Tue Mar 16, 2021, 09:52 PM

2. I agree. My impression of Mrs. Losardo, when she was appointed, was that she wouldn't last

Last edited Tue Mar 16, 2021, 11:15 PM - Edit history (1)

Losardo's a good example of where Fernández's judgment is sometimes off.

She was, frankly, appointed mostly because she and the president have been friends and law office partners off and on since college (i.e. 40 years).

But she clearly lacks the initiative needed for a post like Justice Minister (least of all in Argentina!).

That said, the biggest thorn in Fernández's side is the Chief Federal Prosecutor, Eduardo Casal (Opus Dei).
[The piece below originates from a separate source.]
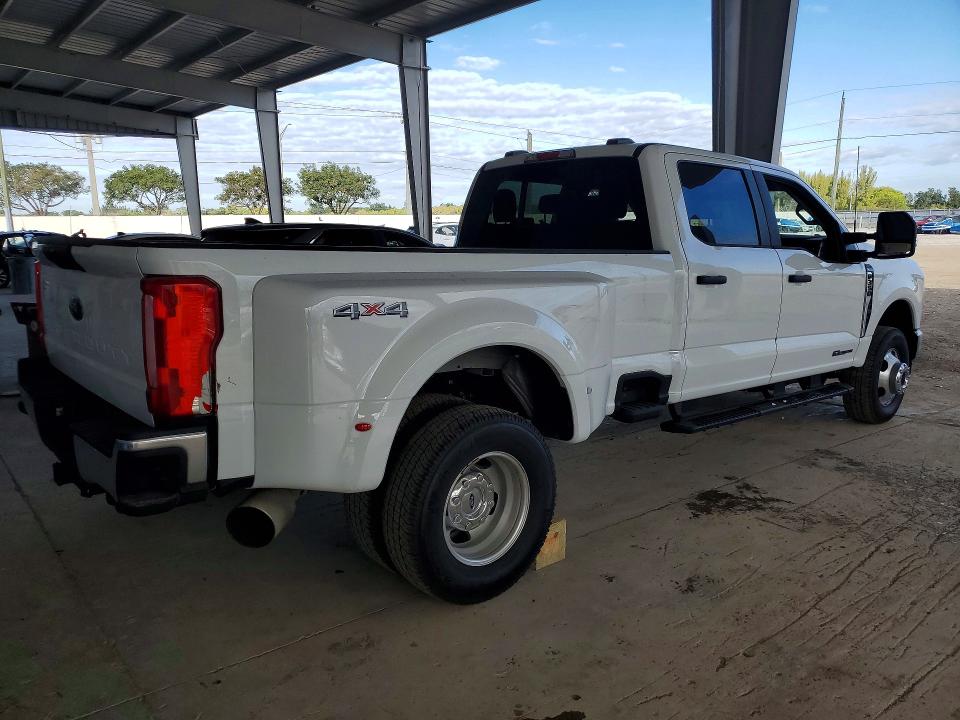 2025 Ford F-350 super duty VIN 1FT8W3DT5SED00730 COPART salvage auction — Water/Flood, FL - CERTIFICATE OF DESTRUCTION, sold $29,750 on 2026-04-15 (photo 3)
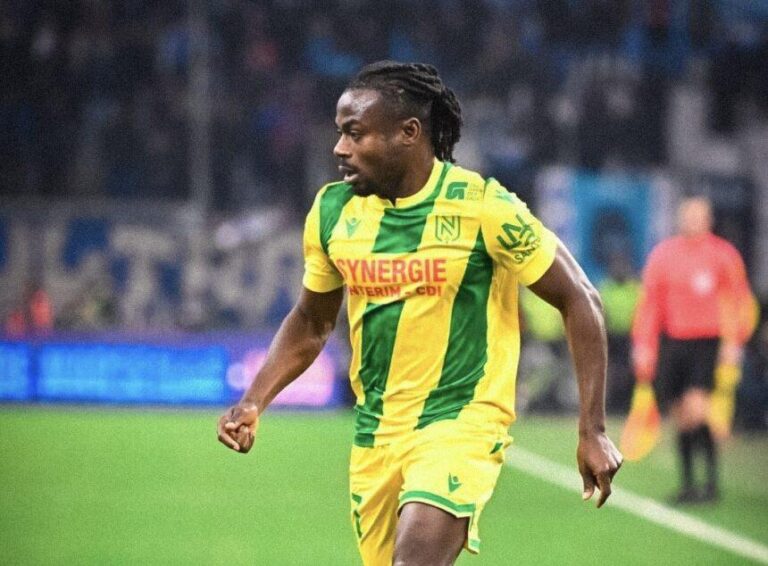 Nigerians in Germany & France: Onyeka and Simon shine as Augsburg and Nantes win Nigerians in Germany & France: Onyeka and Simon shine as Augsburg and Nantes win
Casal, you may recall, was named by Macri in 2017 after forcing out his predecessor, Alejandra Gils Carbó, in an effort to squash the ongoing federal probe into his using his office to write off his family's $250 million from their 1997-2003 ownership of the Postal Service.

Casal was never confirmed by the Senate - but after 4 years, he's still in that powerful post (it oversees all federal prosecutors) because Fernández's pick (Daniel Rafecas) has been help up in the Senate by right-wing obstruction.

(sounds familiar, no?)

In any case, Losardo refused to check Casal at all - leading to among other things Casal's protecting indicted extorionist Carlos Stornelli (the Macri prosecutor caught shaking $12 million down from businessmen in the d'Alessio case).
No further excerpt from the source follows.